Of course the radio industry should be taking this product introduction very seriously because what Apple does from now on will absolutely either drive a nail through terrestrial radio or give it new life after an extensive reinvention.

One of my readers and attendees at my Media Solutions Lab sent me a great piece from Popular Mechanics about “Six Industries Apple's Tablet Could Shake Up”

They are: comic books, magazine publishing, newspaper publishing, mobile gaming, netbooks and PC parts. The article is excellent and I’ll let you see for yourself their take on the next Apple device.

But I want to focus on radio and music.

If the new tablet is anywhere near what intelligence reports (and speculation) has hinted, this mobile handheld device will feature a colorful screen, a virtual keyboard and the mobile Internet.

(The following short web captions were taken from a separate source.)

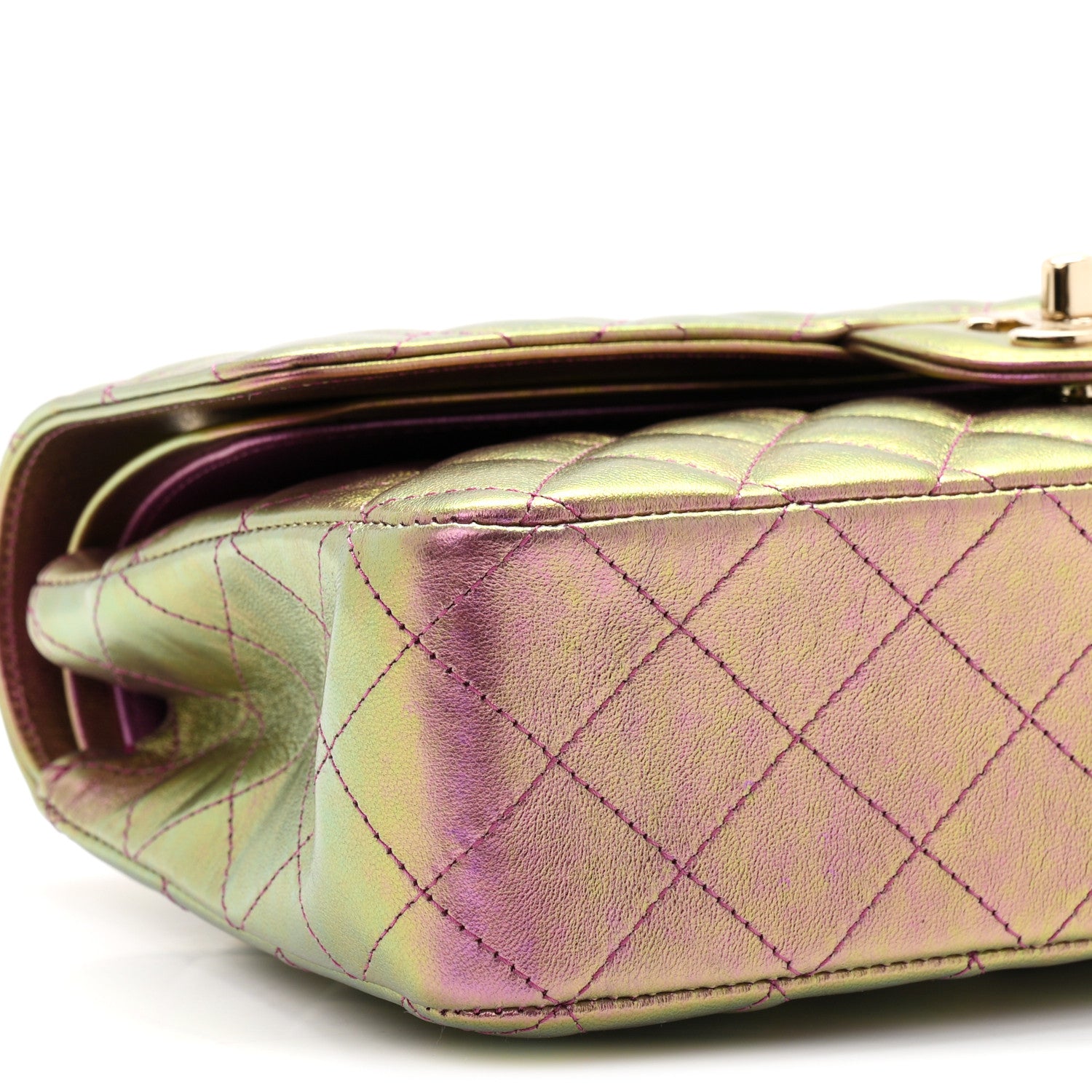 Chanel Iridescent Lambskin Quilted Medium Double Flap Purple 9 of 10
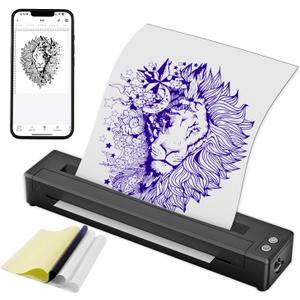 Wireless Tattoo Stencil Printer-2500mAh Battery, Portable Bluetooth Tattoo Transfer Machine Kit for Realistic Portraits, Includes 10 Stencil Papers, Works with IOS/Android/PC/Mac (Black)
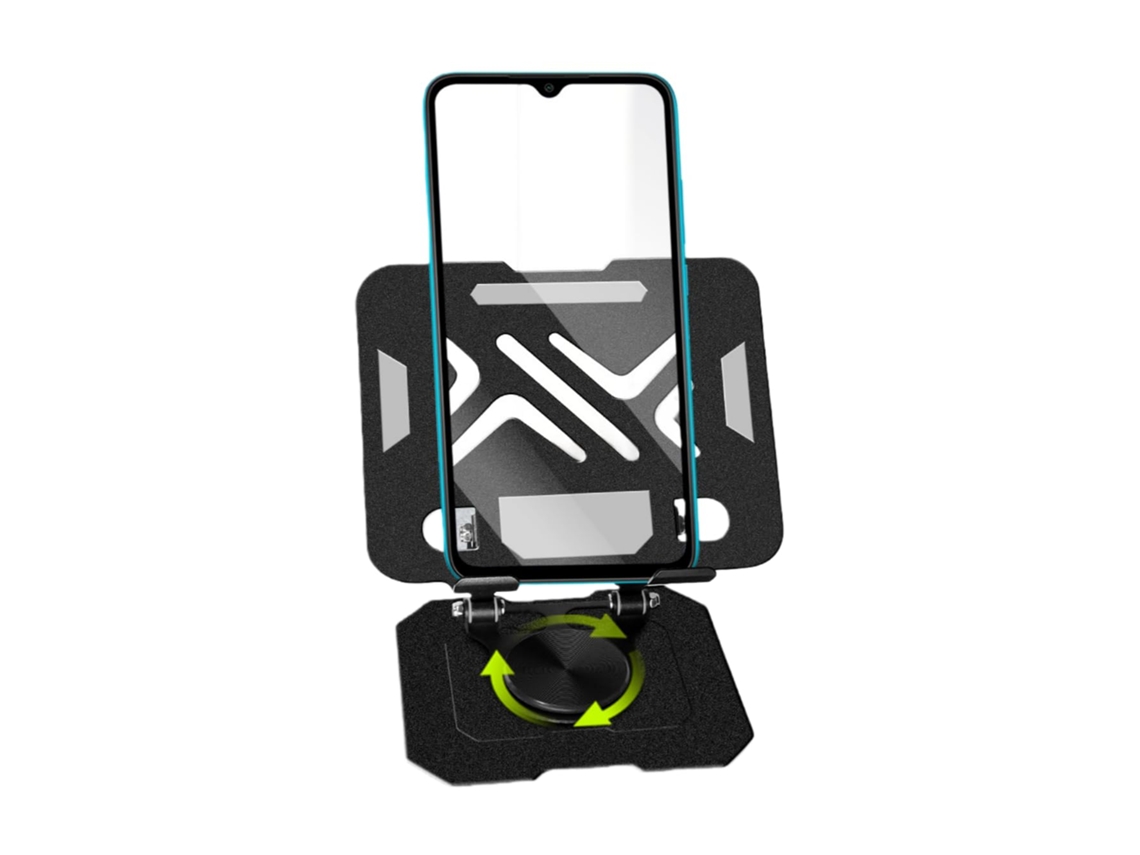 Suporte Metálico 360° Regulável E Dobrável. Compatível Com Ipad, Iphone E Switch. Ideal Para Trabalho, Estudos E Games. Preto.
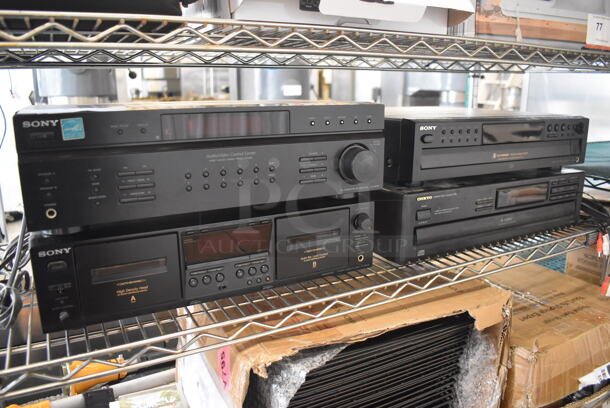 4 Units; Sony STR-DE197 FM Stereo FM AM Receiver, Sony TC-WE475 Stereo Cassette Deck, Sony CDP-CE375 Compact Disc Player and Onkyo DX-C110 Compact Disc Changer. Includes 17x10.5x5.5. 4 Times Your Bid! - Image 1 of 7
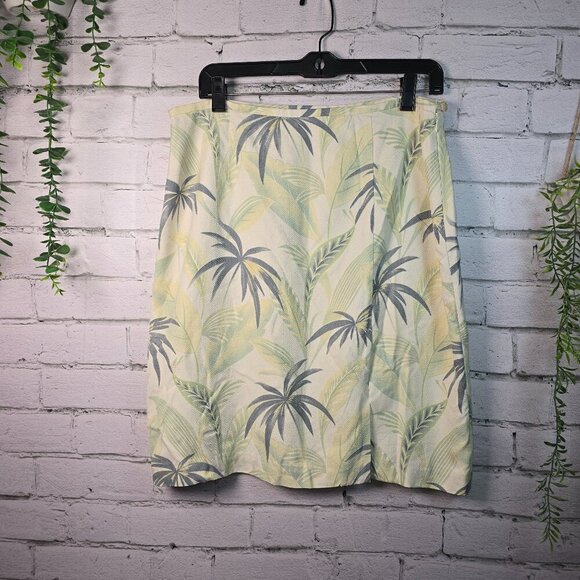 TOMMY BAHAMA PALM TREE PRINT SKIRT 100% SILK, LINED CREAM GREEN WOMENS SIZE 12 - Picture 1 of 6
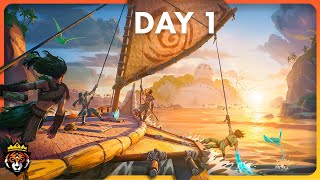 DAY 1 in this NEW Breathtaking Water World Survival Game...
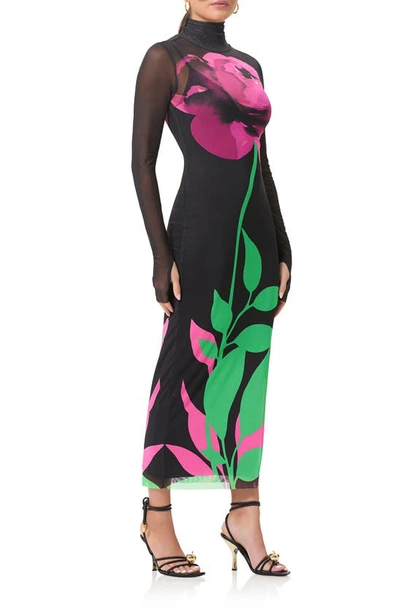 Shop Afrm Shailene Long Sleeve Turtleneck Mesh Dress In Noir Placed Rose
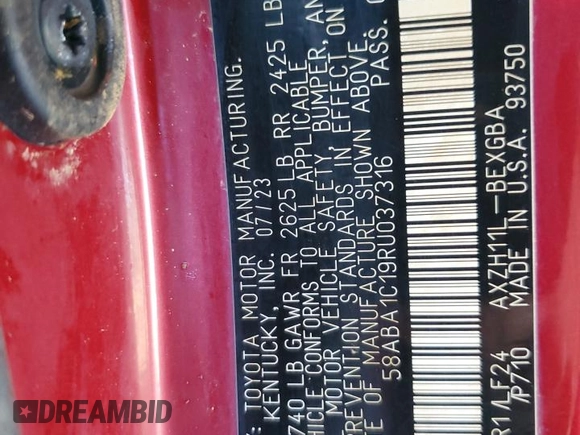 2024 Lexus ES 300h with VIN 58ABA1C19RU037316, listed as a Copart auction lot 45528675 with Not provided miles and Non repairable. Bid and sale history available at DreamBid. Image 13.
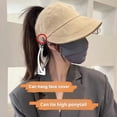 thumbnail image 1 of YAOBAMM Sun Protection Hat Women Peaked Hat with Ponytail Hole And Masque Hook Protection Adjustable Circumference UV Solid Color Breathable, 1 of 6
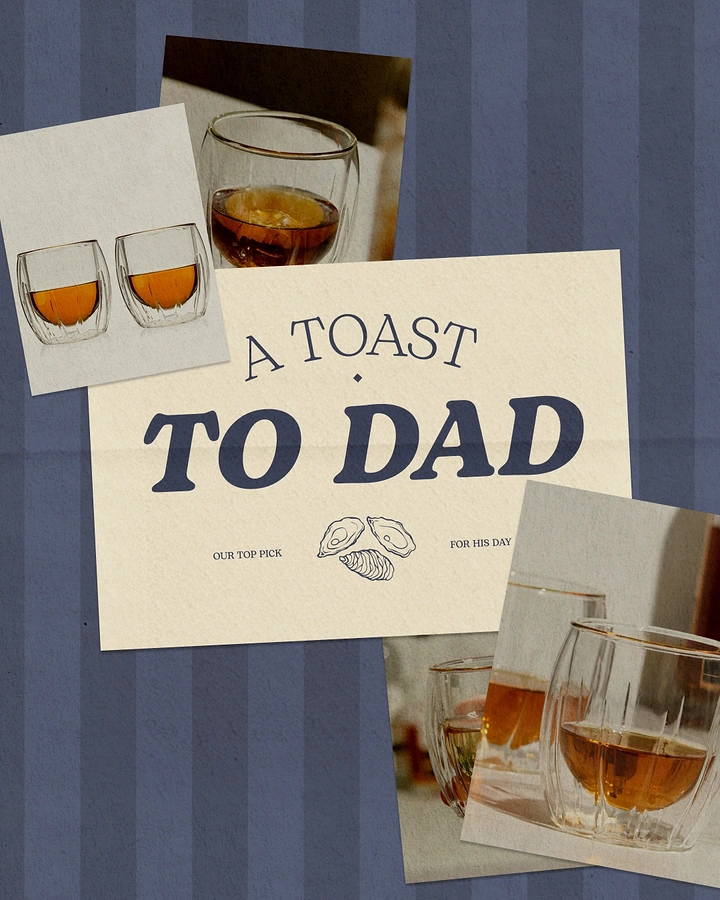 Father's Day creative ad: Double-walled glasses of amber spirit in a collage of photo prints
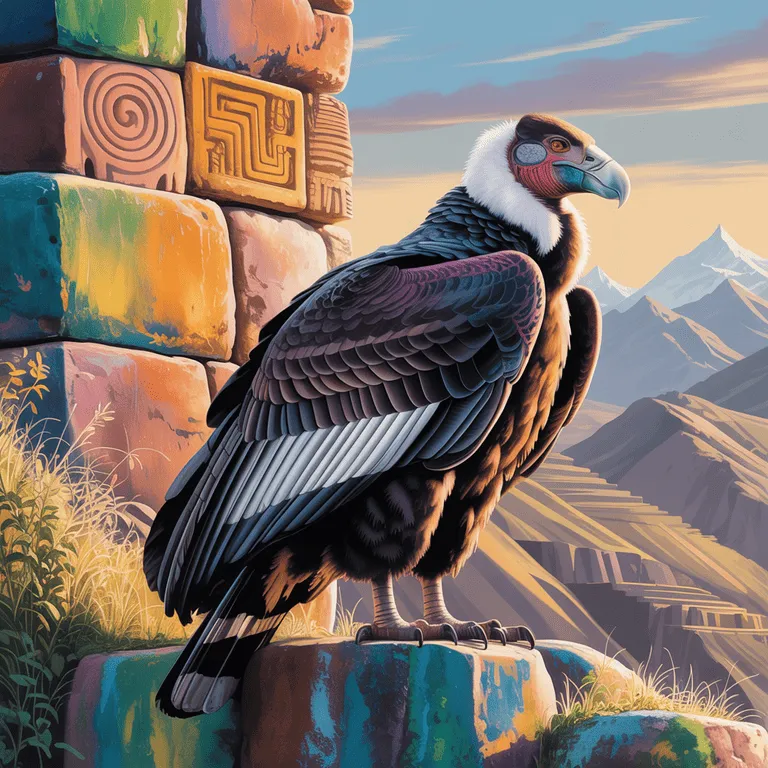 Cóndor realista posado en piedras con motivos preincaicos y montañas andinas al fondo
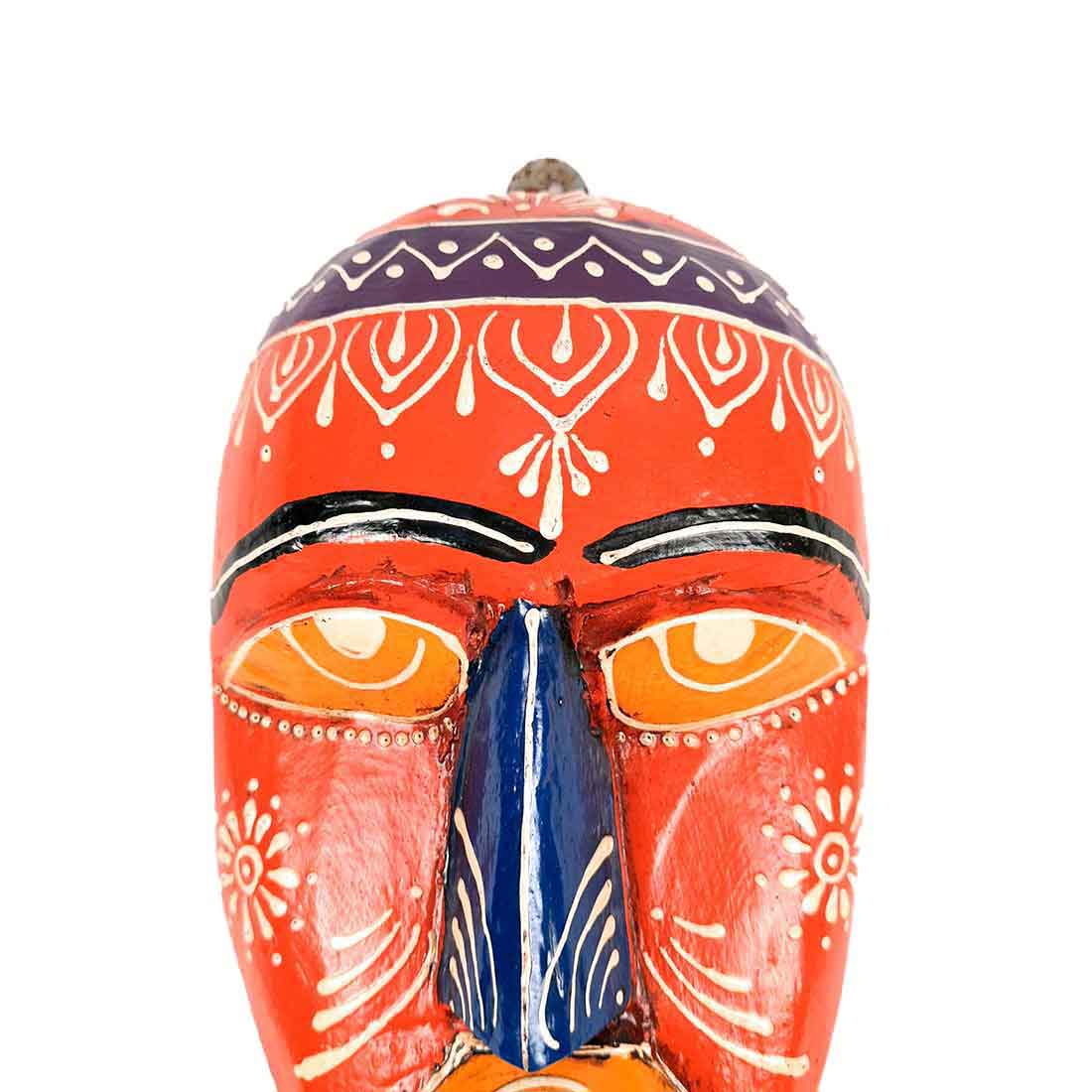 Wooden Tribal Masks Wall Hanging - for Living Room Wall Decor & Home Interiors - 9 inch - Apkamart #color_orange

I’m also expecting Jobs to have a few manufacturing marvels for us and I say this with little fear because this product is his baby.

Fortunately, the day after the Jobs announcement, my Media Solutions Lab will convene in Scottsdale and we’ll have an opportunity to put the technology into a business as well as a sociological perspective.

The effect of the tablet will in the long rang be devastating to terrestrial radio as it has evolved today.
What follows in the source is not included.